Bourdoncle humbled himself, enraptured, moreover, to find himself in the wrong. But a new spectacle rendered them grave. As was the custom every evening, Lhomme, the chief cashier, had just collected the receipts from each pay-desk; after having added them up, he usually posted up the total amount after placing the paper on which it was written on his file. He then took the receipts up to the chief cashier's office, in a leather case and in bags, according to the nature of the cash. On this occasion the gold and silver predominated, and he was slowly walking upstairs, carrying three enormous bags. Deprived of his right arm, cut off at the elbow, he clasped them in his left arm against his breast, holding one up with his chin to prevent it slipping. His heavy breathing could be heard at a distance, he passed along, staggering and superb, amidst the respectful shopmen.

“How much, Lhomme?” asked Mouret.

“Eighty thousand seven hundred and forty-two francs two sous,” replied the cashier.

A joyous laugh stirred up The Ladies' Paradise. The amount ran through the establishment. It was the highest figure ever attained in one day by a draper's shop.

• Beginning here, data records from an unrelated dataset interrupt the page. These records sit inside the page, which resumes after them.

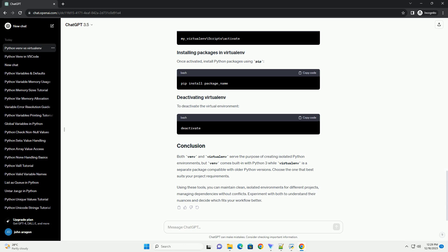Virtualenv is a third-party package that provides similar functionality to venv. It's compatible with both Python 2 and Python 3.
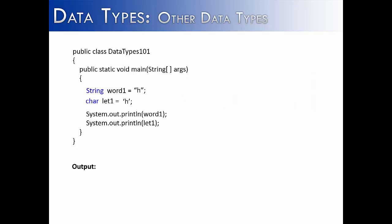Now string and character have some similar characteristics, in that you can store one letter in a character, and you can store one letter in a string. When you print them out, you're going to get the same value, two H's. But they are worlds apart when it comes to what they're being saved as, and what you can do with them. Because a string is a class, we'll be able to modify it in a whole bunch of different ways, which we'll be showing in later videos. With characters, it's a primitive data type, and it will never be able to be more than just one character at a time.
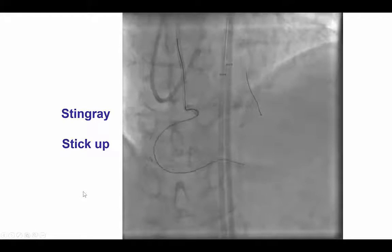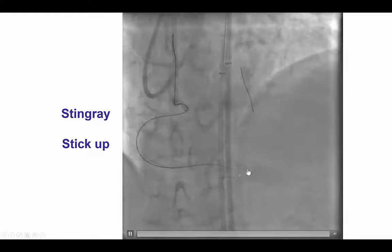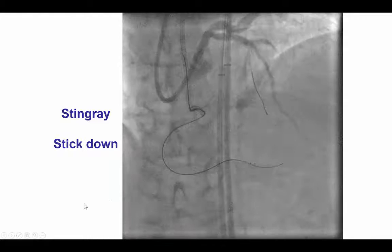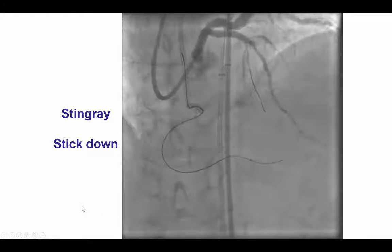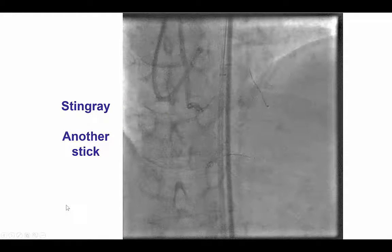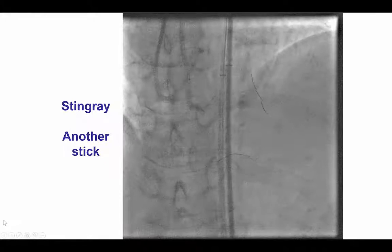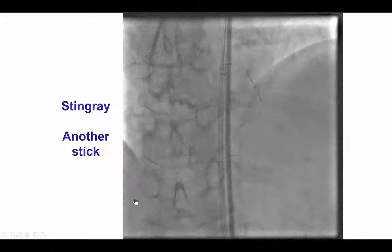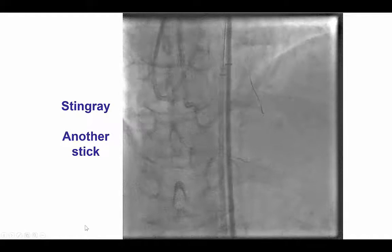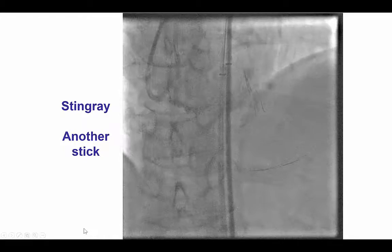We then attempted reentry using the Stingray system. We used a double blind stick and saw sticking up as well as sticking down. However, we were not able to achieve reentry. We tried once again with multiple attempts, but the wire did not seem to be going in the right place.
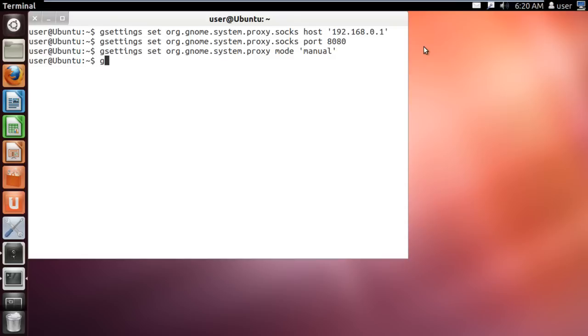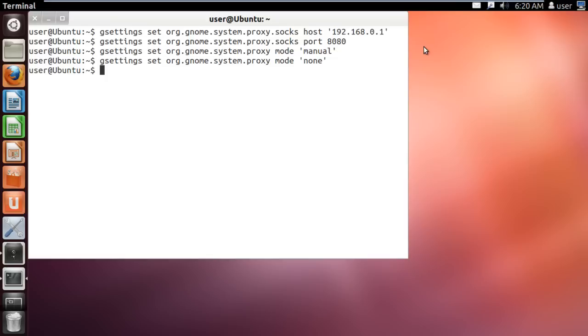If you want to disable your proxy settings, type the command gsettings set org.gnome.system.proxy mode apostrophe none apostrophe and hit enter.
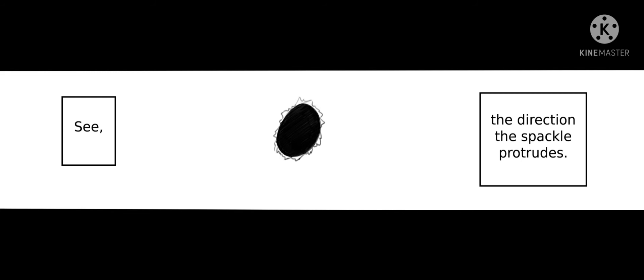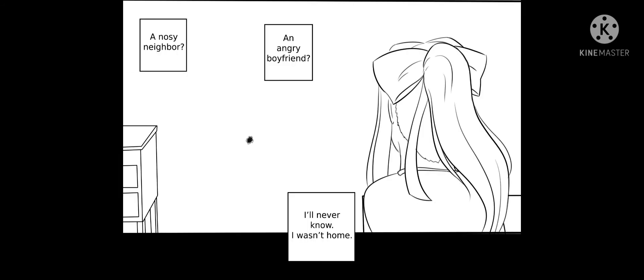It couldn't have been me. See? The direction the spackle protrudes? A noisy neighbor? An angry boyfriend? I'll never know. I wasn't home.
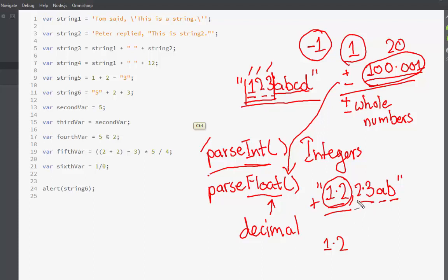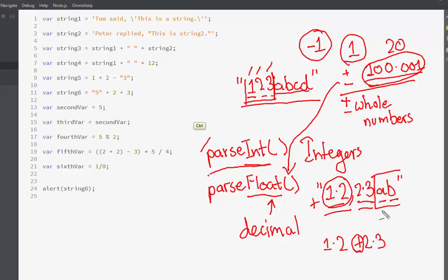parseFloat also reads the second number, 2.3, as a positive decimal and prints it. When it reaches the non-numeric literals, it stops parsing right there and prints whatever numbers were on the left. Even if there is a number like 1 after the non-numeric 'AB', it won't print it. Enough of theory — let's have a look at how they behave in real code.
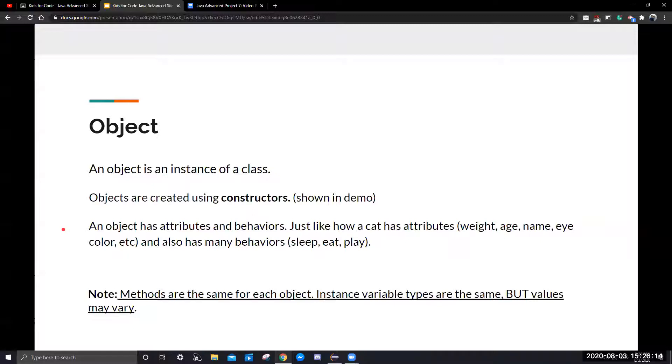It also has many behaviors, such as sleeping, eating, or playing, or even making sounds. Please note that methods are the same for each object, and instance variable types are the same, but values may vary.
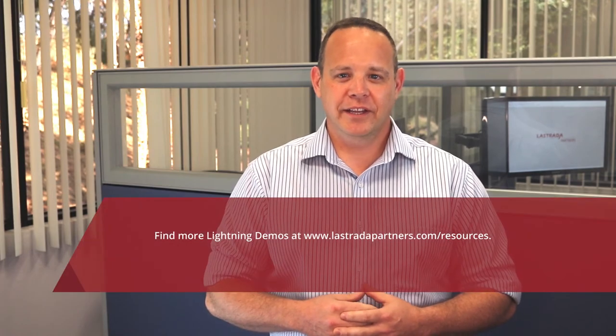For more ways Lestrada can simplify your work, check out our other lightning demo videos at LestradaPartners.com slash resources, or visit our contact page to speak with one of our engineers.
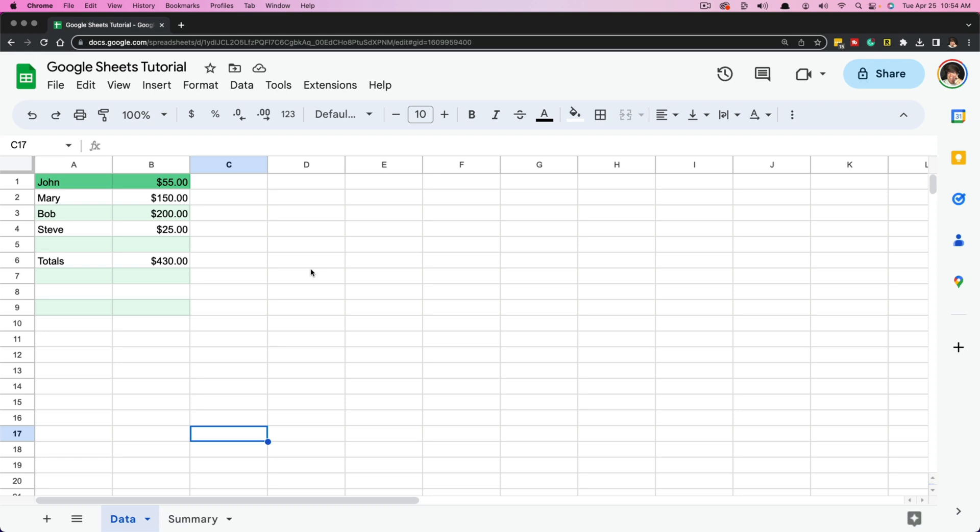Hello, welcome to another video tutorial. Today we are in Google Sheets and I'm going to be showing you how to link data from different worksheets or different tabs to each other.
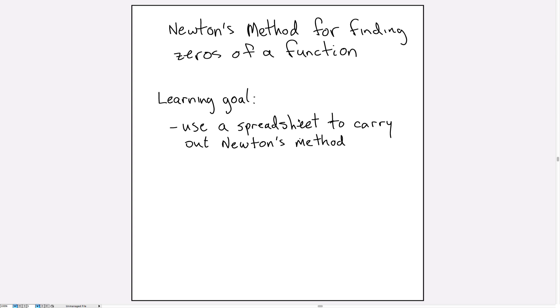Newton's method for finding the zeros of a function. In this video we'll have a single learning goal, and that will be learning how to use a spreadsheet to carry out Newton's method.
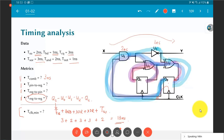This 13 ns is the longest register-to-register path. We must guarantee that for every possible combination of register-to-register paths there is no setup time violation. The minimum clock period must accommodate this longest path.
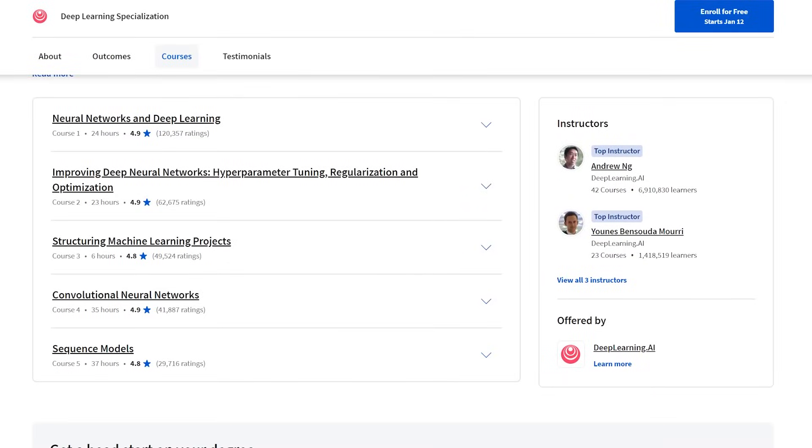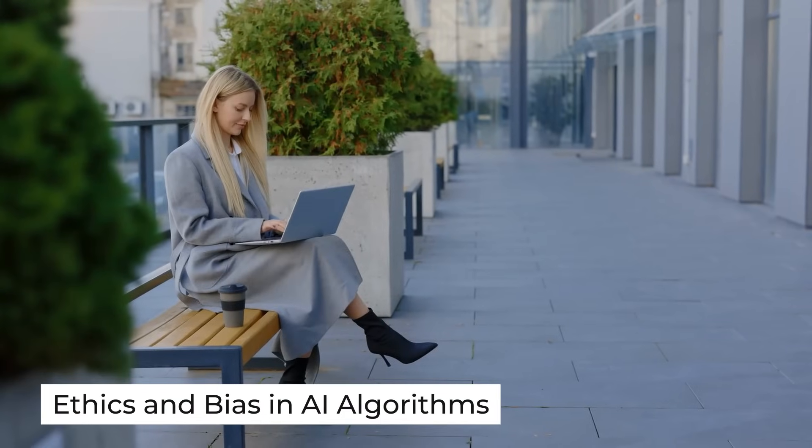Let's jump into the second bucket: societal impact. When you start learning about AI, you quickly realize there is so much to learn, and that can feel overwhelming. That's why I wanted to break it into these three columns. Really focus and hone in on one thing, and over time you'll continually gain information on others. Don't try to learn everything at once. Under societal impact, we have ethics and bias in AI algorithms.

That evening, when Denise went up to bed, she was obliged to lean against the partition in the corridor under the zinc roof. When in her room, and with the door closed, she fell down on the bed; her feet pained her so much. For a long time she continued to look with a stupid air at the dressing-table, the wardrobe, all the hotel-like nudity. This, then, was where she was going to live; and her first day tormented her—an abominable, endless day. She would never have the courage to go through another. Then she perceived she was dressed in silk; and this uniform depressed her. She was childish enough, before unpacking her box, to put on her old woollen dress, which hung on the back of a chair. But when she was once more dressed in this poor garment of hers, a painful emotion choked her; the sobs which she had kept back all day burst forth suddenly in a flood of hot tears. She fell back on the bed, weeping at the thought of the two children, and she wept on, without feeling to have the strength to take off her boots, completely overcome with fatigue and grief.